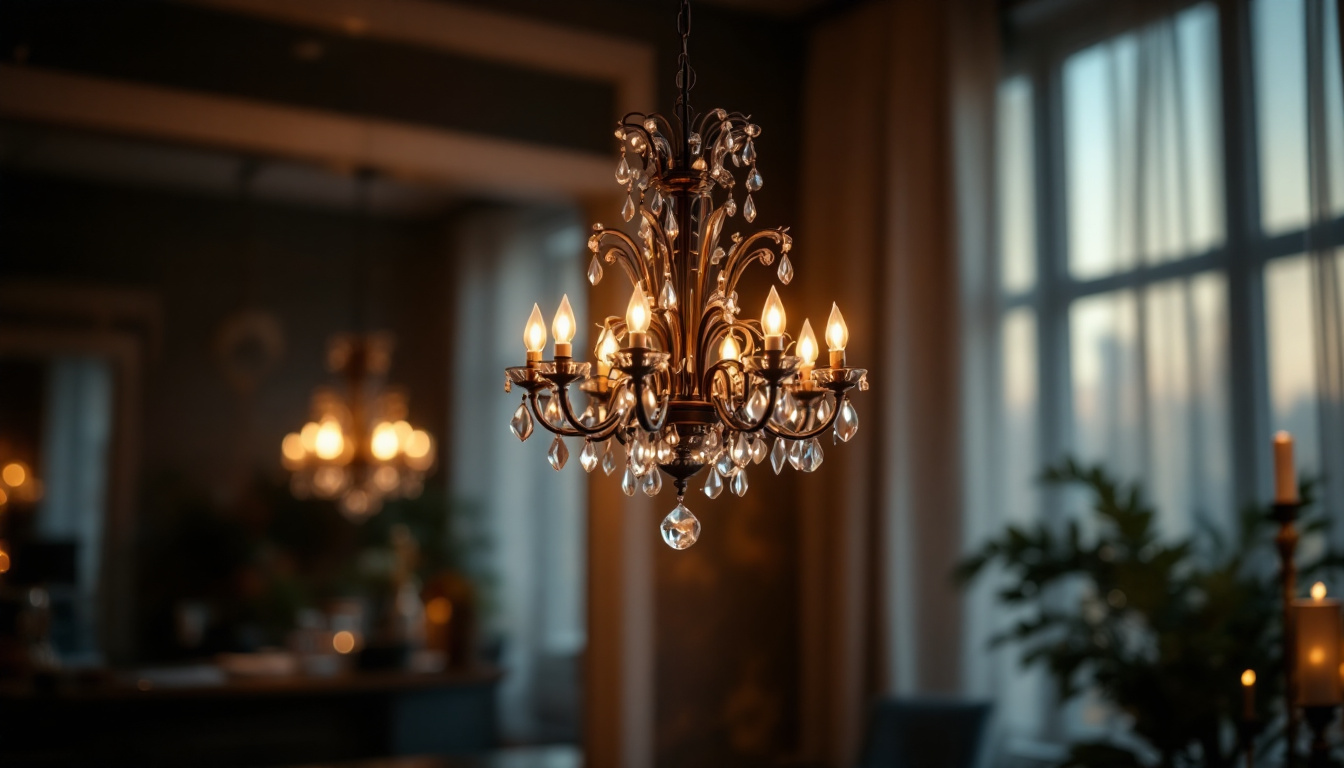 A photograph of a beautifully designed chandelier hanging in an elegantly lit room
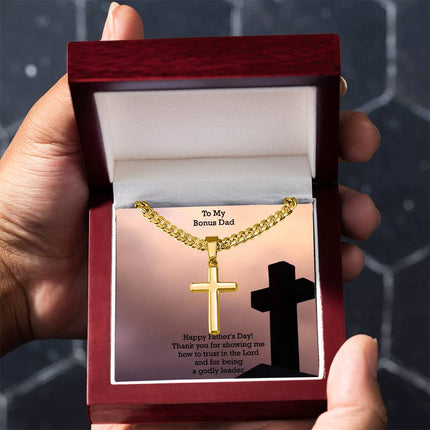 Artisan Cross Necklace with Cuban Link Chain – Christian Gift for Men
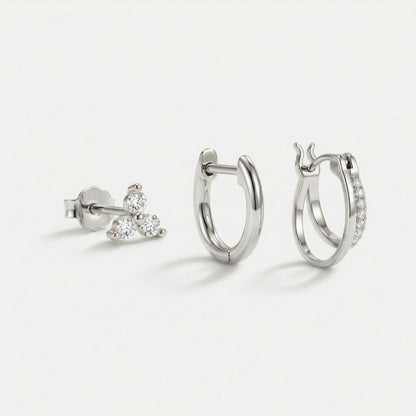 Petite Clover Double Hoop Ear Stack Set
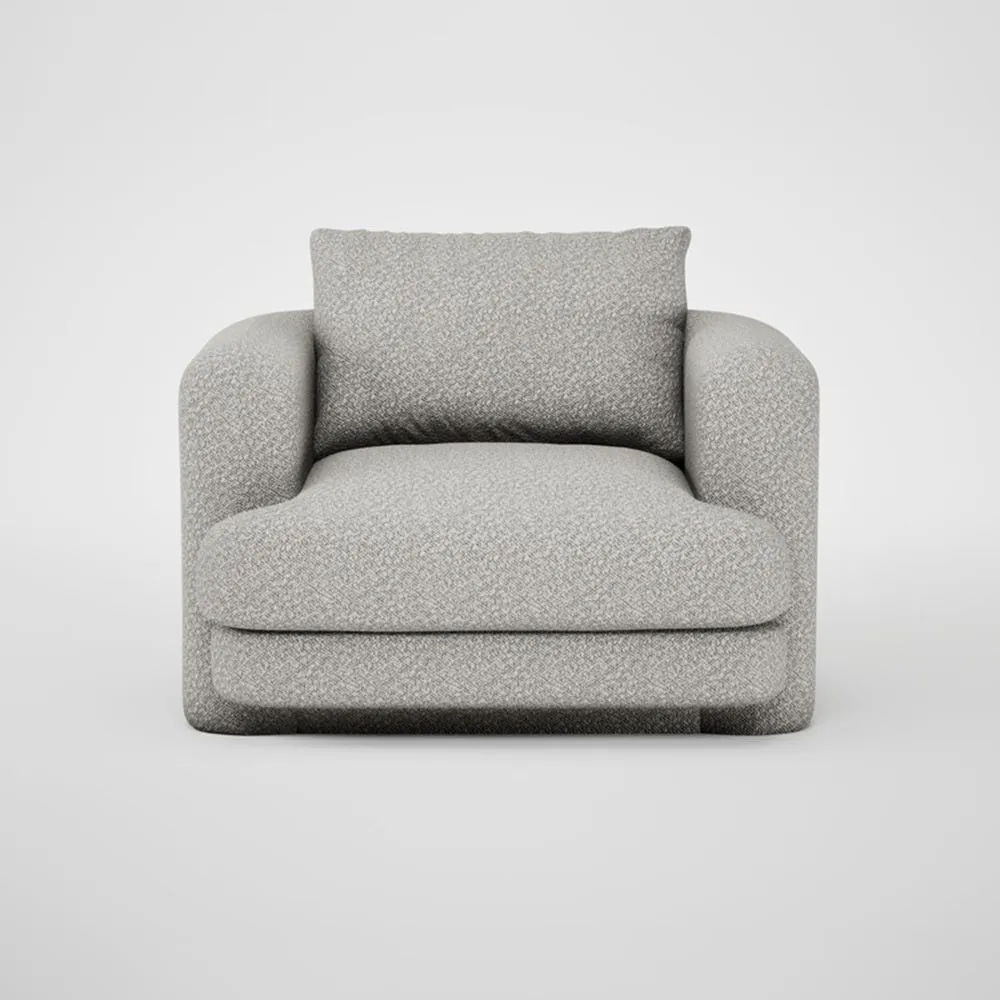 Heal's Rafi Swivel Armchair Chunky Boucle Ecru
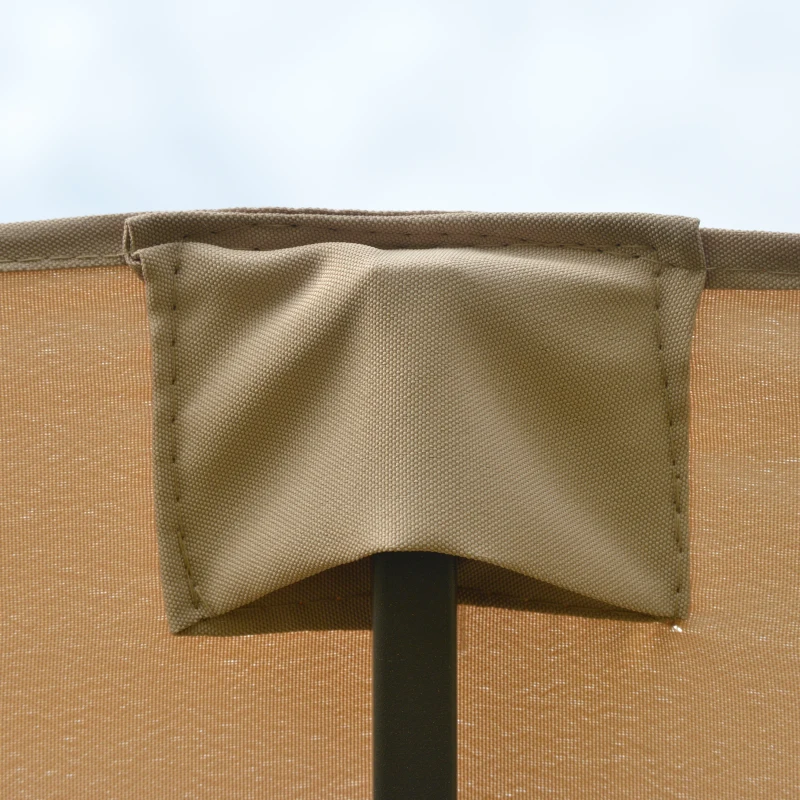 Outsunny Sombrilla Doble Parasol Grande 4,6x2,7m Sombrilla Jardín Patio con Manivela Manual Resistente al Agua y Protección Solar UV para Terraza Playa Piscina Arena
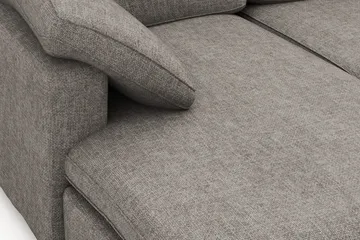Visby 4-seters L-formet dyp vendbar sofa med sjeselong i stoff - Grå - Møbler - Sofaer - Sofaer med sjeselong - 4 seters sofa med divan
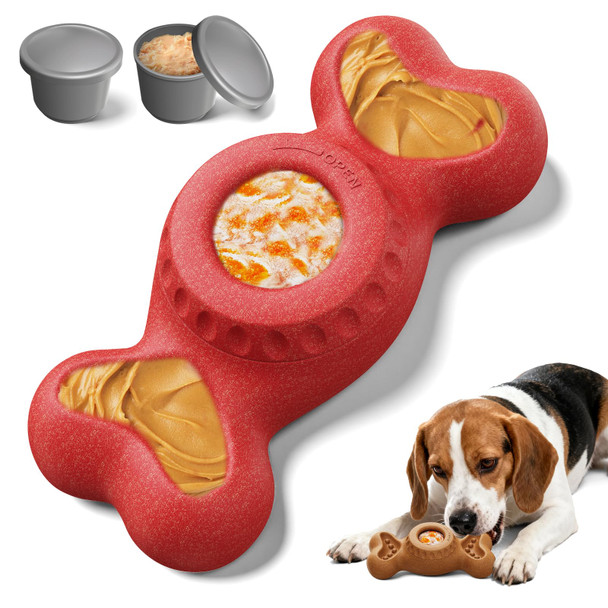 Petsweet 3-In-1 Enrichment Dog Toy For Aggressive Chewers Frozen Treat Toy & Interactive Treat Dispenser With Peanut Butter Grooves Long Lasting Chew Toy For Large Dogs Easy To Clean Red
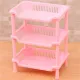 3 Layers Bathroom Standing Shelf Bathroom Stand PP Land Installation Bathroom Rack Storage Shelves for Bathroom KitchenPink Tetragonum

__________________________________________________

▶ _Work instructions_: Word for word, retype the lines in the entries above that run from the one with "Artisan Cross Necklace" through the one with "Outsunny Sombrilla Doble". Both ends count; pictures do not.

▶ _Answer below_:
 Artisan Cross Necklace with Cuban Link Chain – Christian Gift for Men
 Petite Clover Double Hoop Ear Stack Set
 Heal's Rafi Swivel Armchair Chunky Boucle Ecru
 Outsunny Sombrilla Doble Parasol Grande 4,6x2,7m Sombrilla Jardín Patio con Manivela Manual Resistente al Agua y Protección Solar UV para Terraza Playa Piscina Arena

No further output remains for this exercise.